• Task to carry out: Only lines holding "Black" are needed; copy each of them from the data below.

• Material for this exercise:
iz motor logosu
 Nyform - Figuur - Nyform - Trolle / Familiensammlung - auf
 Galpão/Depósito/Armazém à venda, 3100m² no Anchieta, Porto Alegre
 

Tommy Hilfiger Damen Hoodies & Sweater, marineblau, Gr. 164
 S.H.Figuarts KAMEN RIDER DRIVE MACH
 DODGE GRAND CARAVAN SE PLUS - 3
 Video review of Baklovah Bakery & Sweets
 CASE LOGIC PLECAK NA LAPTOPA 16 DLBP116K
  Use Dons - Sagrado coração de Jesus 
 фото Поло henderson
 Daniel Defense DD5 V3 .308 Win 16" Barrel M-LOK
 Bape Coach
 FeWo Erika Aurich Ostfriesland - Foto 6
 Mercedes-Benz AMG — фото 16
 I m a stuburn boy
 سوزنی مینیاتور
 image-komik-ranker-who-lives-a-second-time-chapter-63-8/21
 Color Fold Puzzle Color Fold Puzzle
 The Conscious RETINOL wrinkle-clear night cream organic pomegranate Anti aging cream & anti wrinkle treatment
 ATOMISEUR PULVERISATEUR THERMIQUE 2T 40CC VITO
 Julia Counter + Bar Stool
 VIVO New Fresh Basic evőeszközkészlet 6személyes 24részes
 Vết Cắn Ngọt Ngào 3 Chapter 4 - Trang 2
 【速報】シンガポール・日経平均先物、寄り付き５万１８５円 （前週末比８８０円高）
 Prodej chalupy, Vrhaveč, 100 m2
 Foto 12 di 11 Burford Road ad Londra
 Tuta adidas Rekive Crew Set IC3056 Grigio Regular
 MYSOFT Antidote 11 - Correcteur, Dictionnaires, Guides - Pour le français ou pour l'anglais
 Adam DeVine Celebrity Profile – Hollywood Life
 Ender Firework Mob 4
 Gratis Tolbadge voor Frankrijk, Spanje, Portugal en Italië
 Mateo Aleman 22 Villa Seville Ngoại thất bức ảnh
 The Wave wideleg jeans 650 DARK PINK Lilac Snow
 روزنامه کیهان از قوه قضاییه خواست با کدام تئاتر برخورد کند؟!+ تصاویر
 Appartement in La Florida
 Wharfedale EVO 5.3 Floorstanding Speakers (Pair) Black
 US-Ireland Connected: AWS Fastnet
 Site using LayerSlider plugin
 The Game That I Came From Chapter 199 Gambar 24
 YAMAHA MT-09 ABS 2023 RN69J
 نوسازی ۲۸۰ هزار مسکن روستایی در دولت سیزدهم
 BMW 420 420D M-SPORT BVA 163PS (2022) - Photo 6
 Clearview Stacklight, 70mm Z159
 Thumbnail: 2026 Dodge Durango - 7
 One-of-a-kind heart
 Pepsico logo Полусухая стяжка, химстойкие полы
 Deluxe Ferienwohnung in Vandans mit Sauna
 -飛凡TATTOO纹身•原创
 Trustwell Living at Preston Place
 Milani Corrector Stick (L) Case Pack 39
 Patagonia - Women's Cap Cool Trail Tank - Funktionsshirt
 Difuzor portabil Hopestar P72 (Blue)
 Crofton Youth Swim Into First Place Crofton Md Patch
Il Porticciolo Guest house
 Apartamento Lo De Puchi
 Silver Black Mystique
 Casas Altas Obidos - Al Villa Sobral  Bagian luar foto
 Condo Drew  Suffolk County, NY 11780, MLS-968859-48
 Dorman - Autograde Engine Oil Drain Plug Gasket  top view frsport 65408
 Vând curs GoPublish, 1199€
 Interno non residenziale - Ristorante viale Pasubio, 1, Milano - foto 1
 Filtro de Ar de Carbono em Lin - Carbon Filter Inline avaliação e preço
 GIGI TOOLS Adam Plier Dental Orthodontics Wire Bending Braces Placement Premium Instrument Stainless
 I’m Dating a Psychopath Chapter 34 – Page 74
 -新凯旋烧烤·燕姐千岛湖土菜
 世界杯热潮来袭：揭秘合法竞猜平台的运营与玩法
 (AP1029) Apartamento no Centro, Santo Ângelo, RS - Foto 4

• Result:
 Wharfedale EVO 5.3 Floorstanding Speakers (Pair) Black
 Silver Black Mystique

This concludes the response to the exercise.